ECLI:NL:RVS:2024:435
Raad van State
- Voorlopige voorziening
- G.T.J.M. Jurgens
- Rechtspraak.nl
Verzoek om voorlopige voorziening tegen bestemmingsplan Pasgeld-West in Rijswijk
Op 30 januari 2024 heeft de voorzieningenrechter van de Afdeling bestuursrechtspraak van de Raad van State een mondelinge uitspraak gedaan over een verzoek om een voorlopige voorziening in het geding tussen de vereniging Natuurlijk Delfland en de stichting Pasgeld Natuurlijk, en de raad van de gemeente Rijswijk. Het verzoek is ingediend naar aanleiding van het besluit van de raad van 21 september 2023, waarbij het bestemmingsplan "Pasgeld-West" werd vastgesteld.
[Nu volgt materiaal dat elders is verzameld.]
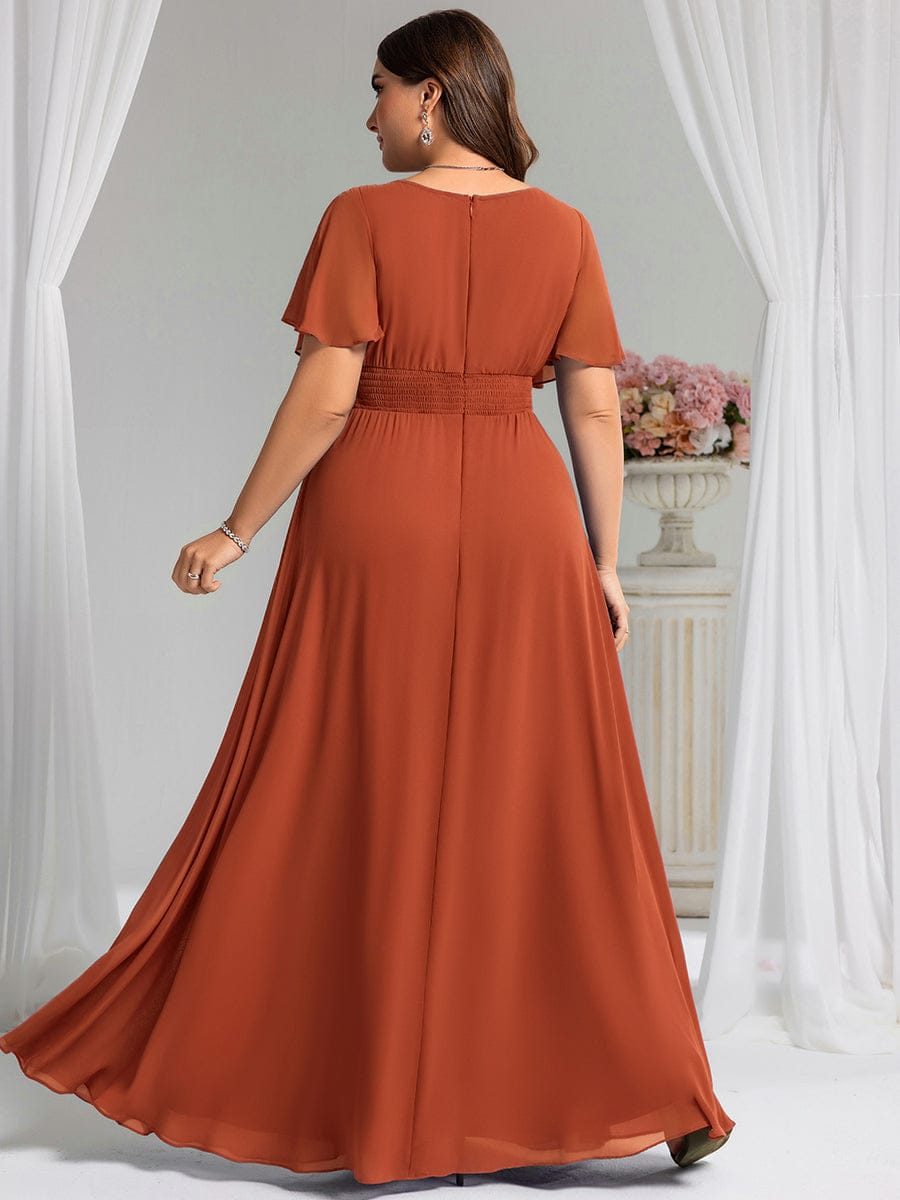 Plus Size Printed Chiffon Pleated Maxi Wedding Guest Dress #color_Burnt Orange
Dit plan voorziet in de bouw van 1.000 woningen, wat 225 woningen meer zijn dan in het vorige bestemmingsplan "Sion - ’t Haantje, tweede herziening" van 6 maart 2018 was voorzien. De vereniging en de stichting vrezen onomkeerbare gevolgen van de opschaling van het aantal woningen en hebben de voorzieningenrechter verzocht om een voorlopige voorziening te treffen.
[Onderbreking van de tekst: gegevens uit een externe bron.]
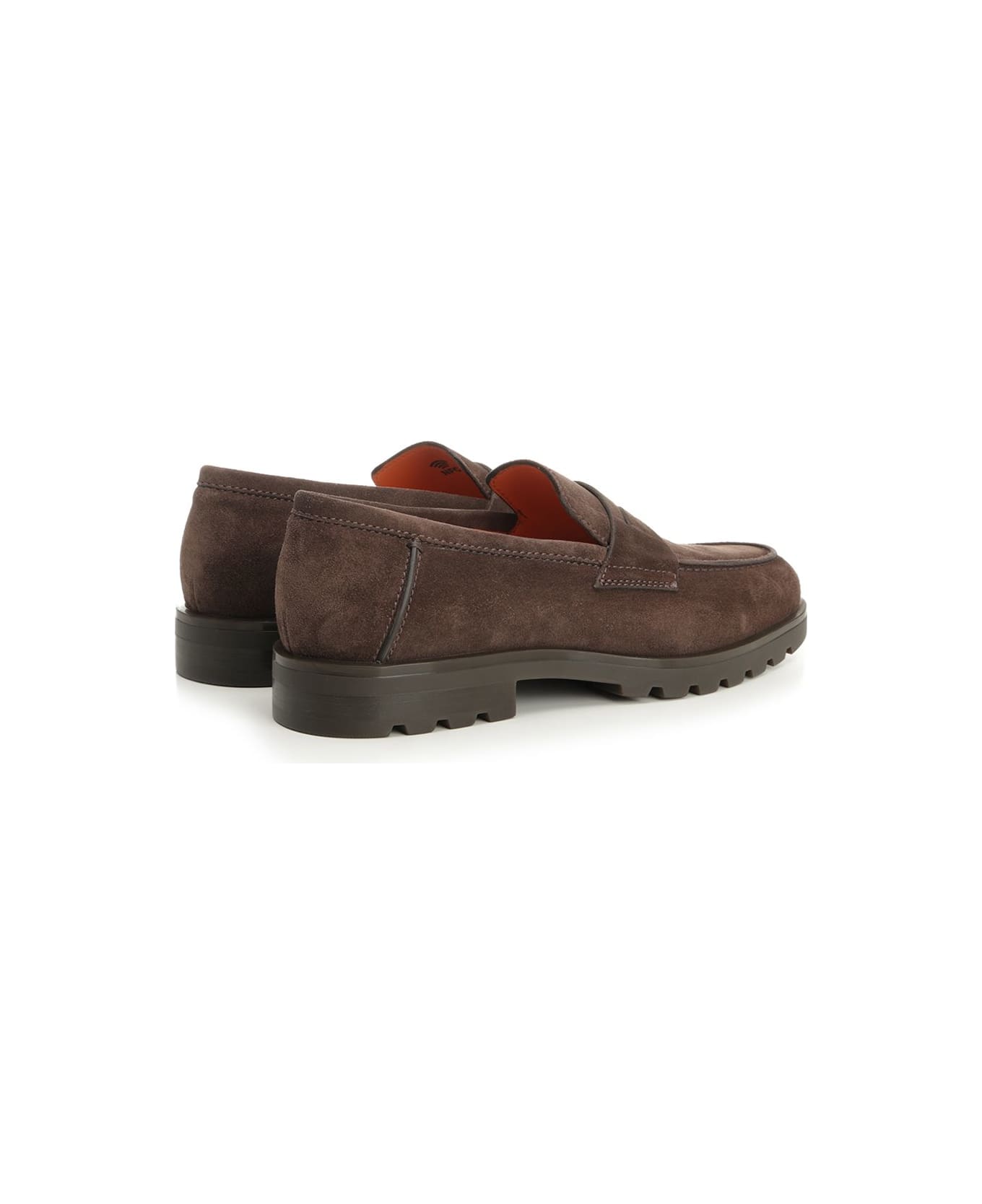 Santoni Suede Moccasin With Rubber Sole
Tijdens de openbare zitting op 30 januari 2024, waar de voorzieningenrechter en griffier aanwezig waren, zijn de verzoekers vertegenwoordigd door hun gemachtigde en de raad door een advocaat en twee andere vertegenwoordigers. De voorzieningenrechter heeft het verzoek afgewezen, omdat de vereniging en de stichting geen spoedeisend belang hebben aangetoond dat het treffen van een voorlopige voorziening rechtvaardigt. De raad heeft verklaard dat er geen omgevingsvergunningen voor bouwen zullen worden aangevraagd totdat er uitspraak is gedaan in de bodemzaak. De vereniging en de stichting hebben de mogelijkheid om een nieuw verzoek om voorlopige voorziening in te dienen als er toch omgevingsvergunningen worden aangevraagd of andere activiteiten worden verricht die kunnen leiden tot onomkeerbare gevolgen.
De voorzieningenrechter heeft geoordeeld dat de argumenten van de vereniging en de stichting over stikstof, milieueffectrapportage, soortenbescherming, groen en waterhuishouding niet voldoende zijn om het verzoek te honoreren. De raad hoeft de proceskosten niet te vergoeden.